All files on /var/www/ change ownership to www-data. Can it be avoided?
I have different files with different owners, starting from the /var/www/* directory.
Files in /var/www/
need to be set to the user you use apache with. Otherwise you can run into permission issues and a website with potential security issues.
www-data
was the default user for apache (v1). Nowadays apache (v2) uses apache
as user and group. See your apache config on what user you use.
To change:
sudo vi /etc/apache2/apache2.conf
find the 2 lines (assuming your www-data
as now set):
user www-data
group www-data
If you only want to change it to the user and group you use you can reset your data with this command (After changing user or group you also need to do this):
sudo chown --recursive {user}:{group} /var/www/
change {user} and {group} to what is in the configuration file and restart apache
sudo systemctl restart apache2
Generic other pointers:
Permissions on files and directories should be at the most this:
sudo chmod 755 /var/
sudo chmod 755 /var/www/
sudo find /var/www/ -type d -exec chmod 755 {} \;
sudo find /var/www/ -type f -exec chmod 644 {} \; ]
- "0" means nothing; "7" is read, write, and execute; "6" is read, write.

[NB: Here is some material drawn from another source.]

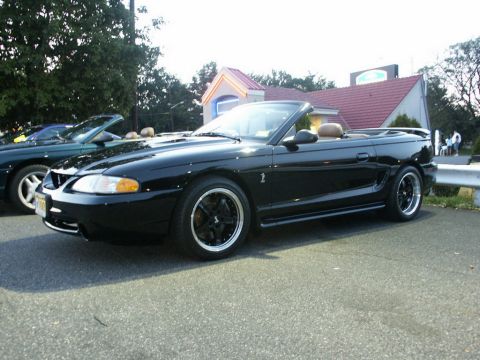 2001 Mercury Grand Marquis - A black convertible Mustang is parked outside a building with a red roof. Another car is visible to its left.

The "d" means directories, the "f" means files.
- Don't put executable files in
/var/www/
. Use a dedicated directory (apache has a cgi-bin option for this). - If possible set "others" to "0".
- If possible set "group" to "0" as well; group is only needed if there are 2 or more users altering files on the server
- If setting one of them to "0" and it yields permissions errors you have a mistake in a settings file for that specific software and should fix that setting instead of altering permissions.